Location
- 2 Chōme, Izumichō, Kokubunji, Tokyo Japan

Information
- School type: National
- Opened: 1961
- Founder: Japanese National Railways
- Closed: 1987
- Teaching staff: Professors from the University of Tokyo and Hitotsubashi University

= Japanese Central Railway School =

Japanese Central Railway School (中央鉄道学園, Chūō Tetsudō Gakuen) was a Japanese National Railways educational institution in Kokubunji, Tokyo.

== Overview ==
The school was not recognised as a university or college by the Ministry of Education, Science, Sports and Culture, even though Shinji Sogō, the 4th president of JNR, made serious efforts to raise the school to the status of "JNR University" so that its students could be university graduates. Professors from the University of Tokyo, Hitotsubashi University, and others were employed as part-time teaching staff. It was said that the school provided the equivalent of a university education under Sogō's administration.
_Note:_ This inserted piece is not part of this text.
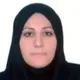 سمانه خزاعی فدافن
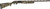 Weatherby Sorix Bottomland Shotgun - 12, 28"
Courses of study could last anywhere from a few days to three years, covering subjects such as train operation, train inspections and track maintenance. At its peak, it had more than 1000 students. It was the place for training new staff members, retraining employees who were changing roles or positions, and educating the work force on new policies or equipment.

The school was closed due to the privatization and division of Japan National Railways in 1987. Another building now occupies the site, but some parts of the earlier structure are preserved as "the remains of Tōsandō Musashimichi".